WORK REQUIRED: Pictures are not part of the copy; retype all the records below exactly.

RECORD EXTRACTS:
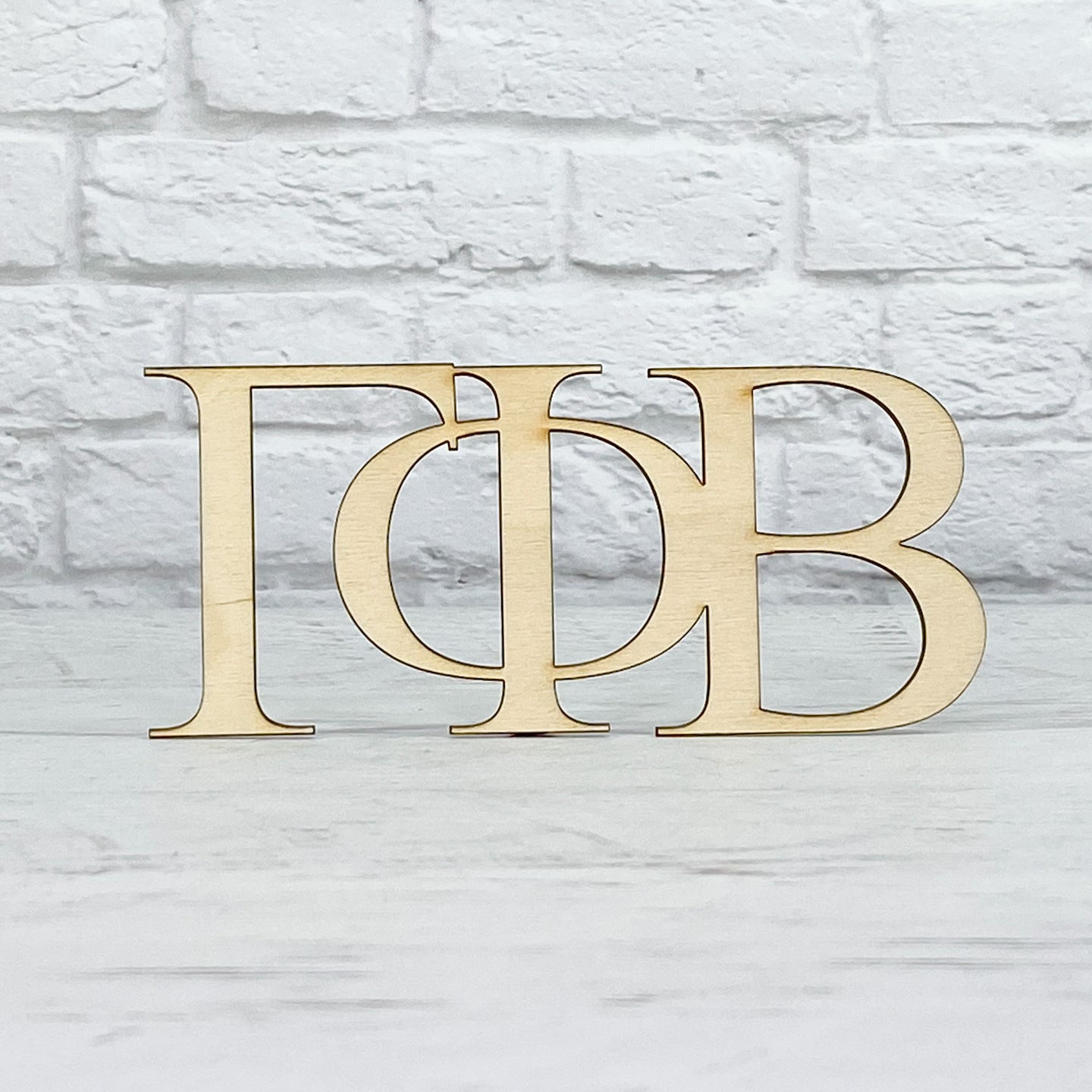 Gamma Phi Beta - Wood Cut Letters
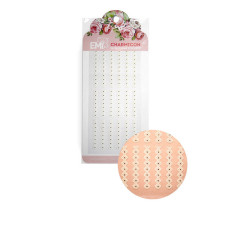 Наклейки для нігтів E. Mi Charmicon 3D Silicone Stickers (Орнамент білий № 5)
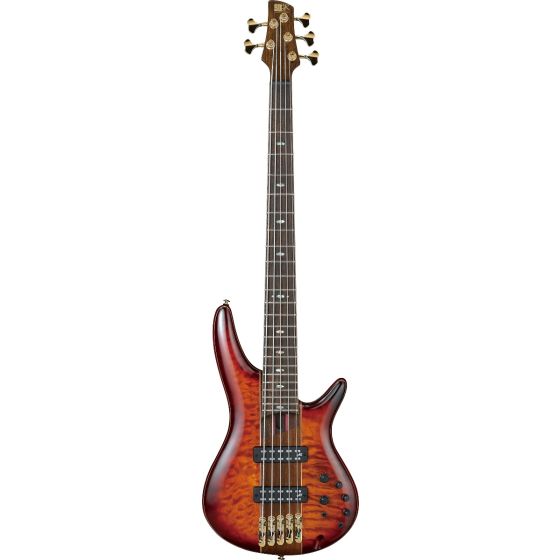 Ibanez SR Premium SR2405 5 String Brown Topaz Burst Low Gloss Bass Guitar sku number SR2405WBTL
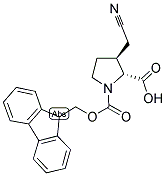 FMOC-(2R,3S)-3-CYANOMETHYL PROLINE (CIS) Struktur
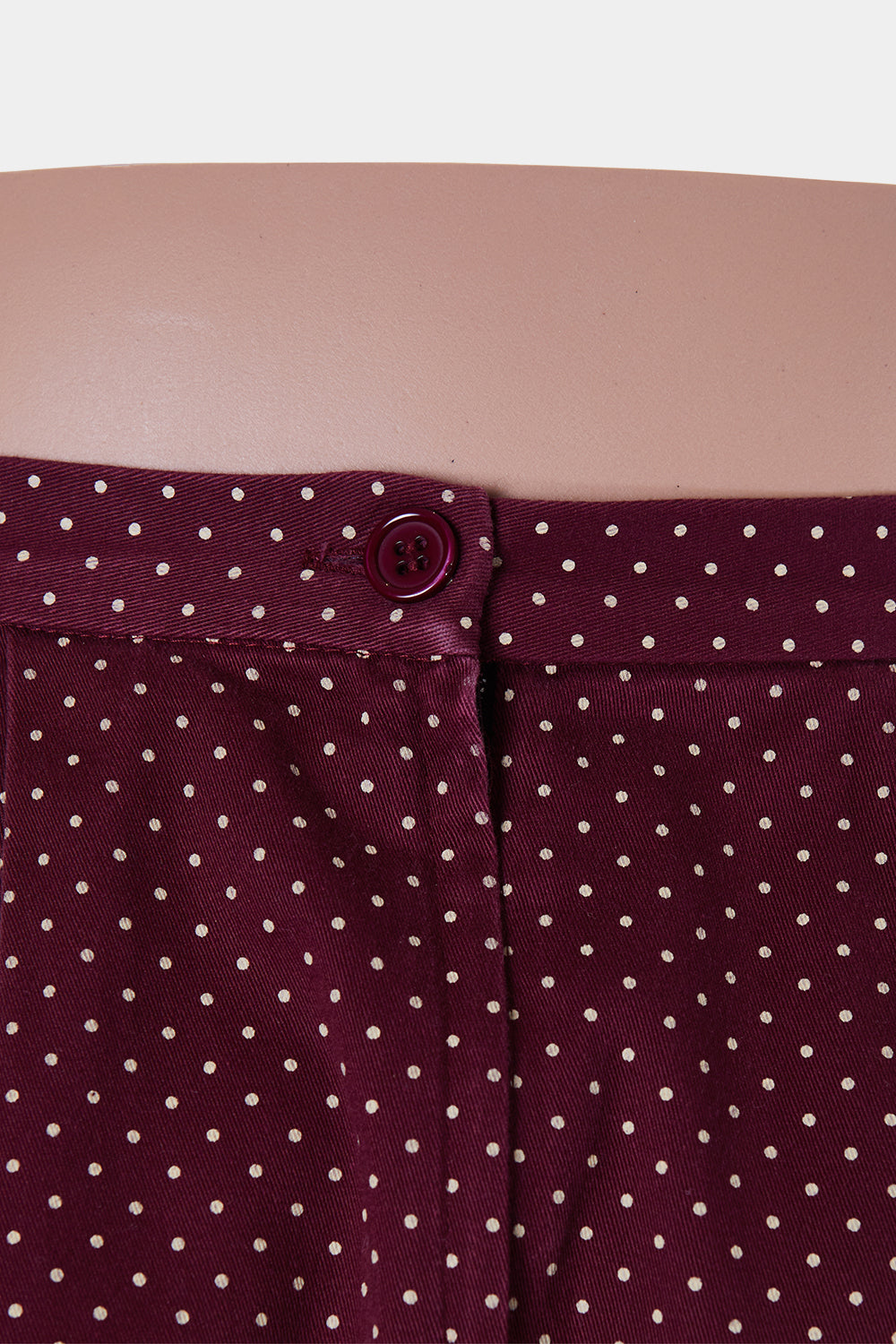 Princess Highway Maroon Polkadot Skater Skirt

RESULT BELOW:
 Gamma Phi Beta - Wood Cut Letters
 Наклейки для нігтів E. Mi Charmicon 3D Silicone Stickers (Орнамент білий № 5)
 Ibanez SR Premium SR2405 5 String Brown Topaz Burst Low Gloss Bass Guitar sku number SR2405WBTL
 FMOC-(2R,3S)-3-CYANOMETHYL PROLINE (CIS) Struktur
 Princess Highway Maroon Polkadot Skater Skirt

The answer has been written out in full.